Happy International Women’s Day! Unfortunately, Stanford University, where I work, has decided to not participate. Their daily Newsletter, which I get in my inbox every morning, today again does not feature any women.
The newsletter features 3 stories every day, with a picture next to it. Often these are VIPs who passed away, researchers, or a picture of the study object. It seems that men are more often pictured then women in this newsletter (I tracked it for a while in the past). Here are two older examples of what I mean. On the right, you see the Stanford Report. It features 2 photos of men, and 1 of a pile of garbage. But that story, about hoarding disorder, was an interview with a woman. Did Stanford really think that a pile of garbage is worth showing more than a photo of a Stanford professor?
Here is another example. On the right, you see the Stanford Report with three pictures, each of a “study object”. To the left, the first or leading authors whose pictures were not shown. All three happen to be women. The Report staff often appears to favor “object” photos over photos of female researchers.
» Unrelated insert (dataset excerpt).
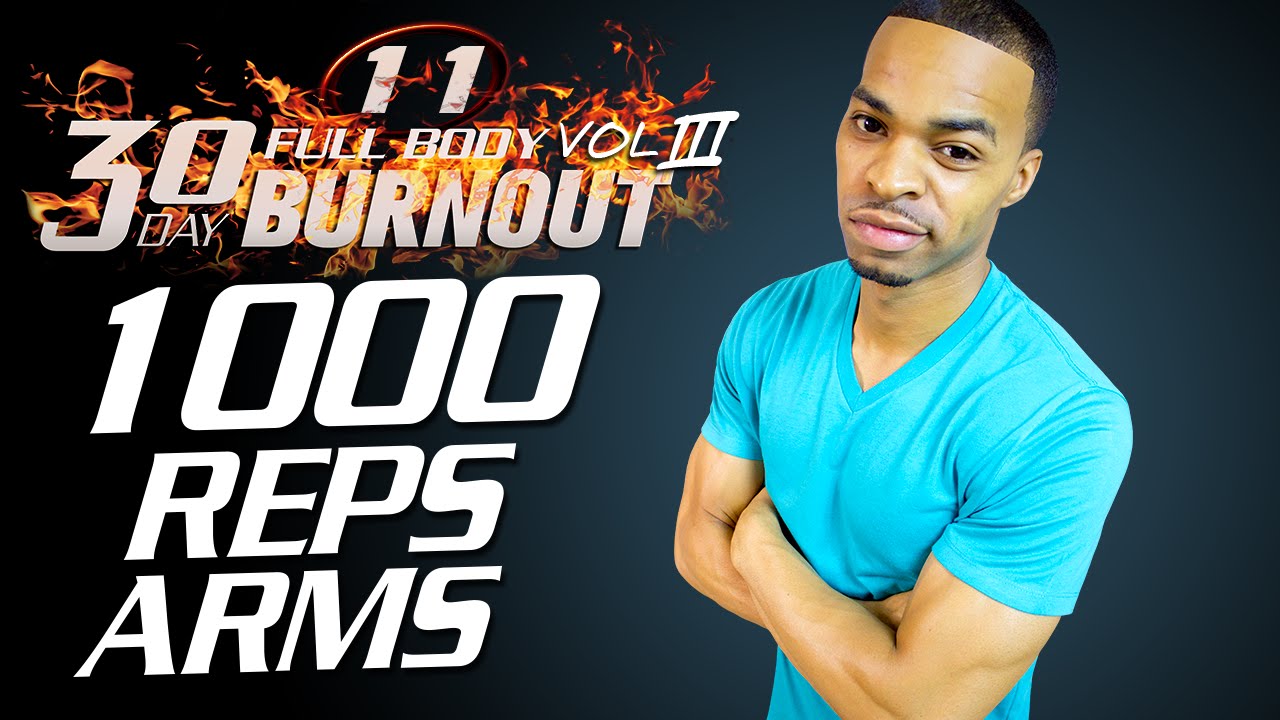 Full body best sale volume workout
Today, I had high hopes. It’s International Women’s Day, right? Stanford is going to let its female researchers and doctors shine, right?
But no. This is the Daily Newsletter of today. It features 2 pictures of “study objects” and 1 picture of a man. The two top articles however, refer to studies of which in both cases the lead author is a woman. Why does Stanford so often decide that a picture of the study object is more important than to let these first authors shine?